La presidencia del duelo había llegado al cementerio. Los tres amigos acortaron el paso.
—Señor Bergeret —dijo el doctor—, si visitara usted, como yo, a muchos enfermos diariamente, comprendería el dominio de los curas. Y a usted mismo, ¿no le sorprende algunas veces, ya que no una creencia, por lo menos un ansia incontenible de inmortalidad?
—Doctor —le contestó Bergeret—, pienso acerca de este punto, como la señora de Dupont-Delagneau. La señora de Dupont-Delagneau era ya muy vieja cuando mi padre aún era muy joven; le quería mucho, y complacíase charlando con él. Mi padre vislumbró en sus conversaciones un reflejo del siglo dieciocho, y ha referido varios rasgos de aquella señora; entre otros, el siguiente: Estaba enferma, en el campo; un sacerdote fue a visitarla, y hablóle de la vida futura. Ella le respondió, con un gesto desdeñoso, que desconfiaba del otro mundo, y dijo: "Si es obra, como usted me asegura, de quien hizo éste donde nacemos y morimos, ya sé de sobra cómo trabaja." Pues bien, doctor: siento, por lo menos, tanta desconfianza como la señora de Dupont-Delagneau.

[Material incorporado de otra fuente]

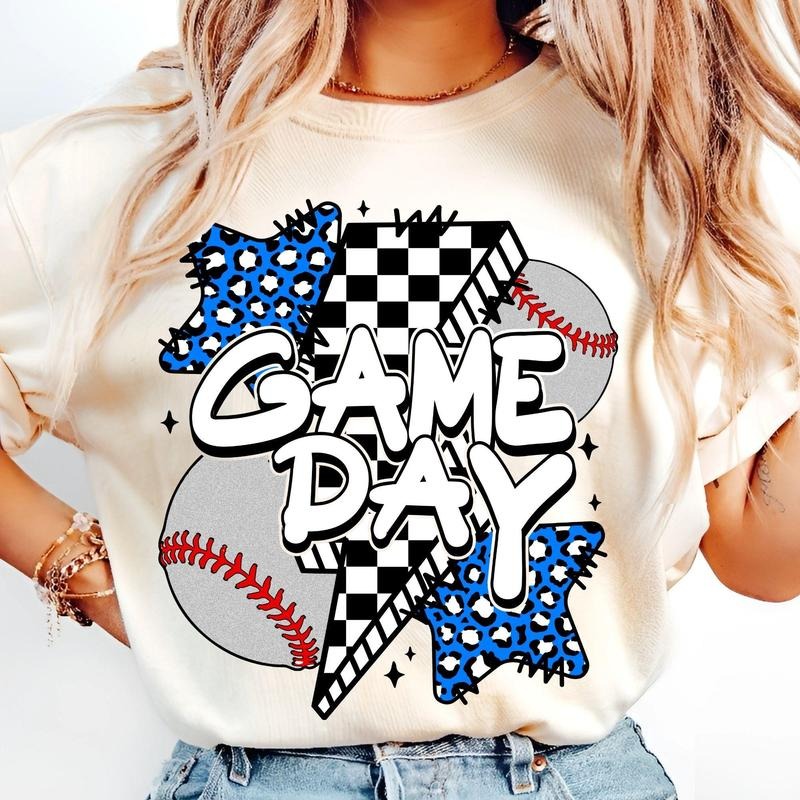 [Sale To 45% Off] Game Day Baseball T-Shirt, Retro Baseball Coquette Shirt, Mama Baseball Bow T-Shirt, Gift For Mom,...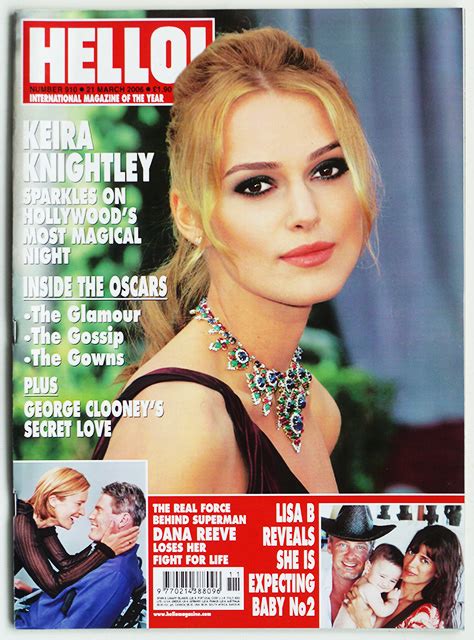 Hello Magazine Issue 910 Keira Knightley The Oscars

—¿No ha soñado usted nunca —preguntó el doctor— con la inmortalidad en la ciencia, la inmortalidad en los astros?
—Insisto en el pensamiento de la señora Dupont-Delagneau. Me acongojaría mucho suponer que las constelaciones de Altair o Aldebarán se pareciesen al sistema solar; no valdría la pena del viaje. Respecto a renacer en esta bola, ¡gracias, doctor!
—¿De veras no quiere usted, como la señora Pechin, ser inmortal de una o de otra manera?
Después de reflexionarlo mucho, contestó el señor Bergeret:
—Me contento con ser eterno en mi esencia, y lo soy. En cuanto a la conciencia de que disfruto, la supongo un accidente, doctor; un fenómeno instantáneo, semejante a las burbujas que se forman en la superficie del agua.
—De acuerdo. Pero no hay que decirlo —replicó el doctor.
—¿Por qué? —preguntó Bergeret.
—Porque tales doctrinas no convienen a la muchedumbre, y es necesario hablar como todos, aun cuando no se piense como ellos; la energía de las naciones se funda en la comunidad de las creencias.
—Lo indudable —repuso el señor Bergeret— es que a los hombres animados por una fe común les parece inaplazable y necesario exterminar a los que piensan de otro modo; cuanto menor sea la diferencia de sus criterios, tanto más apremia la venganza.
—Vamos a oir tres discursos —dijo el señor Mazure.Pero el señor Mazure no acertó. Se pronunciaron cinco discursos, de los cuales nadie oyó una palabra. Los gritos de "¡Viva el Ejército!" estallaron al paso del general Cartier de Chalmot. El señor Leterrier y el señor Bergeret fueron silbados por la juventud nacionalista.